A Great Kiskadee approaches near but sits in a branch above and off to the side of the water and seems to settle in for a little nap. Then a Altamira Oriole flies in and lands at the water, and is joined by another Great Kiskadee. The Oriole proceeds to have a nice bath and the Kiskadee joins in.




Golden Fronted Woodpecker


 
Green Jay


 Green Jays squabble, showing coloration on tails.

 
 Great Kiskadee in tree.


The Great Kiskadee joins with the Altamira  Oriole at the watering hole.












The Great Kiskadee and the Altamira Oriole enjoy a bath together.


I hope the pictures do these pretty birds justice.



Bev on a trail in the Wildlife Refuge.
The Spanish Moss creates a tunnel through the trees.

November 26 Thursday – Thanksgiving Day II

We have already stuffed ourselves once this year for our Canadian Thanksgiving Day. Now we get to go round two. The RV park has supplied a turkey for every group of about 20 people. One of the ladies living in a semi-permanent mobile home has been designated the turkey cooker, primarily because she has a regular size oven. That is one thing that most motorhomes lack. Our oven might be able to accommodate a chicken, but not a turkey. The rest of our group supplies all the trimmings, like mashed potatoes, salads, gravy, stuffing, vegetables, and desserts.
The reception hall is quite large and there were over 220 people attending. After grace, we all dig in to the food for our noon time meal. With people from all over the US and many from Canada, there is a wide variety to choose from. I tried the scalloped corn even though I had never heard of it before. It was good but I missed out on the corn stuffing. Surprise…some people actually enjoyed the turnip.
We sat across the table from a couple from Minnesota, Sue and Dan Nelson, who are on their first trip after retiring. Since we are all in the same boat, we enjoy the friendly banter and discussions of the trip so far.
Ah…then come desserts. I pick small pieces of lemon and pecan (that is pee cawn, not pee can) pie. I really enjoy the pecan pie which is better than any store-bought pecan pie I have had.

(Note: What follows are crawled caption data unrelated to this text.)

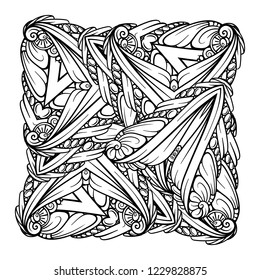 Vector abstract black and white motif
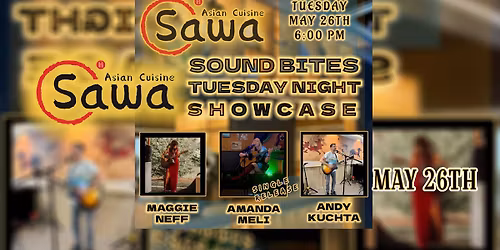 Sound Bites Tuesday Night Showcase MAY 26-Amanda Meli Single Release with Maggie Neff & Andy Kuchta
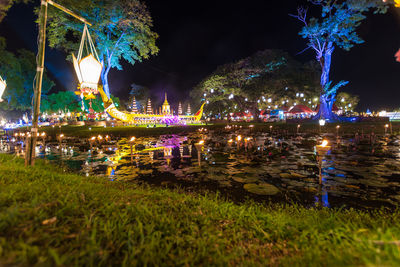 Illuminated buildings by trees at night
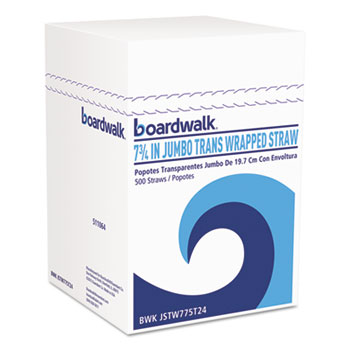 Boardwalk Wrapped Jumbo Straws, 7 3/4&quot;, Plastic, Translucent, 500/Pack, 24 Packs/Carton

The View Looking Up Our "Street"



A Nice Cactus Across the Street


Stuffed to the gills, we waddle back to the motorhome, taking left-overs with us. We join up with our neighbours from North Bay, Norm and Claudette Fortier, for an afternoon of euchre, guys against girls. So sad for the girls as they go down in defeat 4 games to 1, we all enjoyed the time socializing and hope to get in another round before we leave for Mexico.

Then comes round two of Thanksgiving Day II. Yup, we all head back to the hall for a 5:30 PM with all the left-overs to choose from. Most people are still stuffed from noon so the plates are as heaping as before. Never the less, after the main course, I head for the pecan pie, by-passing the lemon ‘cause I’m trying to cut down.

Wednesday, November 25, 2009

November 25 Wash & Hair Cut Day

Today was a close to home day…no sightseeing or shopping. In the afternoon, Bev went of to the laundry centre in the RV park while I went on adventure to get a hair cut. I asked at the front desk about a local barbershop but they said “Oh, just go to any salon and get it cut like everyone else. Drive down the street and drop in.”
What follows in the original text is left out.